Vollständige Version anzeigen : Auswandern in die Steiermark
Was fuer ein tolles Wahlergebnis in der Steiermark!! Da kann man den Steiern nur gratulieren, obwohl gesagt werden muss, dass angesichts all der Skandale die OEVP einfach selbst fuer eingefleischte OEVPler unwählbar wurde.
Leider wuerde so etwas im "heiligen Land" nie passieren. Und die Diskussion ueber die Wiedervereinigung von BZOE und FP.... da stellt sich die Frage:
HERR SCHUESSEL, WO BLEIBEN DIE NEUWAHLEN? oder hat dieser Herr nun endgueltig vor lauter Machtgier jegliche Bindung zur Realität verloren??
mas meint Ihr?
christoph123 03.10.2005, 12:30 Auswandern in die Steiermark
du meinst wohl einwandern in die steiermark?
also ich persönlich habe mit den realitätsverweigernden spö-lern kpö-lern und den super duper gutmenschlichen grünen noch nie viel am hut gehabt...
aber von mir aus kann jeder ein- und auswandern wohin er will (vorausgesetzt die menschen die schon dort sind wollen das auch)
Realitätsverweigerung, wenn man den einzigen wirklichen Faktor, der uns als Wirtschaftsstandort interessant macht, nämlich Bildung und Know-how mit Fuessen tritt?
Wer verweigert Realität?? Parteien, die sich fuer einen Ausbau der Bildung einsetzen, oder eine Partei, die diese mit allen verfuegbaren Mitteln einschränkt?
Sorry,das war konfus. ich meinte, wenn man sich darueber aufregt, dass Bildung von der Regierung mit fuessen getreten wird.
man sollte nie arbeiten schreiben, und nebenbei entrys schreiben...
christoph123 03.10.2005, 13:03 Realitätsverweigerung, wenn man den einzigen wirklichen Faktor, der uns als Wirtschaftsstandort interessant macht, nämlich Bildung und Know-how mit Fuessen tritt?

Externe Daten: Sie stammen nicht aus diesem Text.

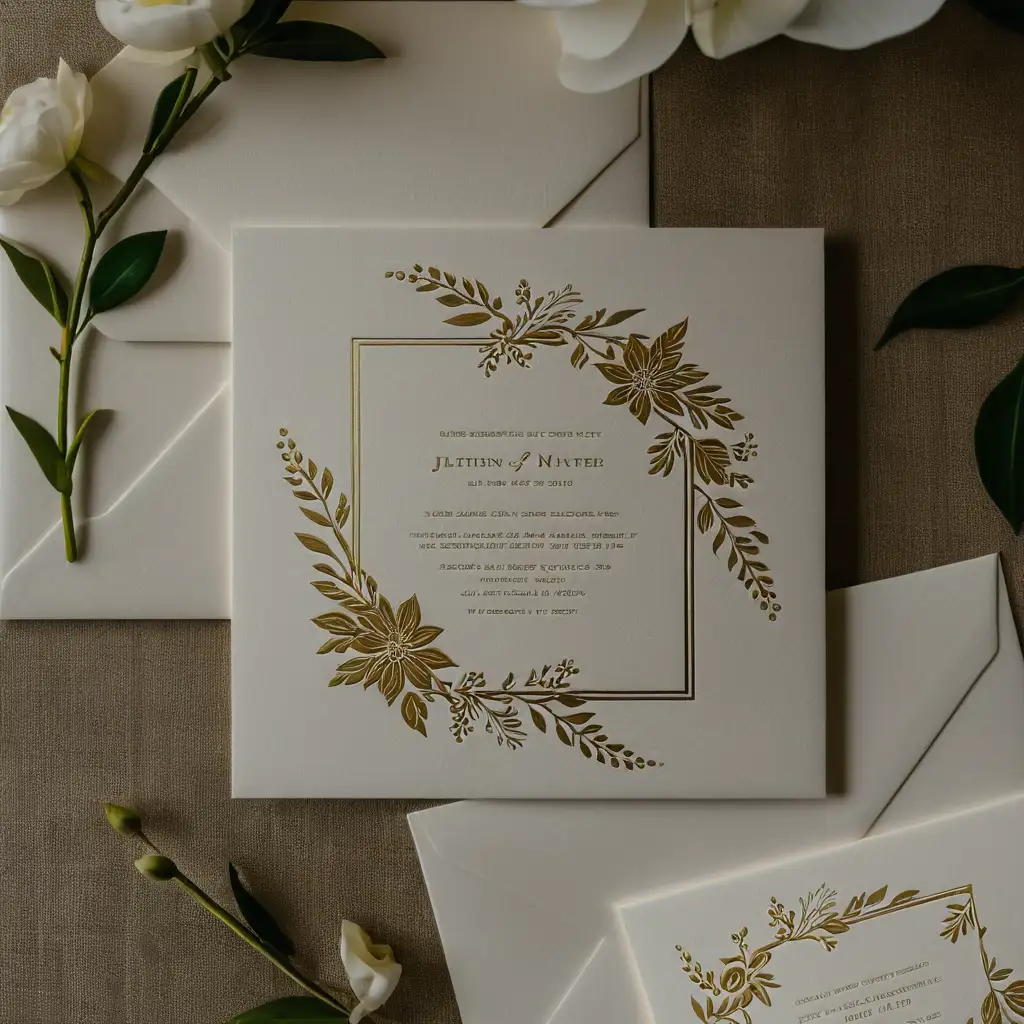 Elegant Letterpress Wedding Invitation Card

Wer verweigert Realität?? Parteien, die sich fuer einen Ausbau der Bildung einsetzen, oder eine Partei, die diese mit allen verfuegbaren Mitteln einschränkt?
was für ein argument soll das sein?
weil die ÖVP-BZÖ regierung schlechte bildungspolitik macht, ist die spö besser??
wenn man in opposition sitzt kann man ständig allen alles versprechen, man muss schließlich dafür nicht gerade stehen!
Jeder kann bessere Bildungspolitik machen als die OEVP, das ist keine Kunst, egal welche Partei.
Und fuer mich ist eine katastrophale Bildungspolitik ein sehr gutes Argument, eine Regierung zu verabscheuen, weil ich ja schliesslich Student bin, und die Bildung eines meiner hauptanliegen darstellt.
christoph123 03.10.2005, 13:23 Jeder kann bessere Bildungspolitik machen als die OEVP, das ist keine Kunst, egal welche Partei.
Und fuer mich ist eine katastrophale Bildungspolitik ein sehr gutes Argument, eine Regierung zu verabscheuen, weil ich ja schliesslich Student bin, und die Bildung eines meiner hauptanliegen darstellt.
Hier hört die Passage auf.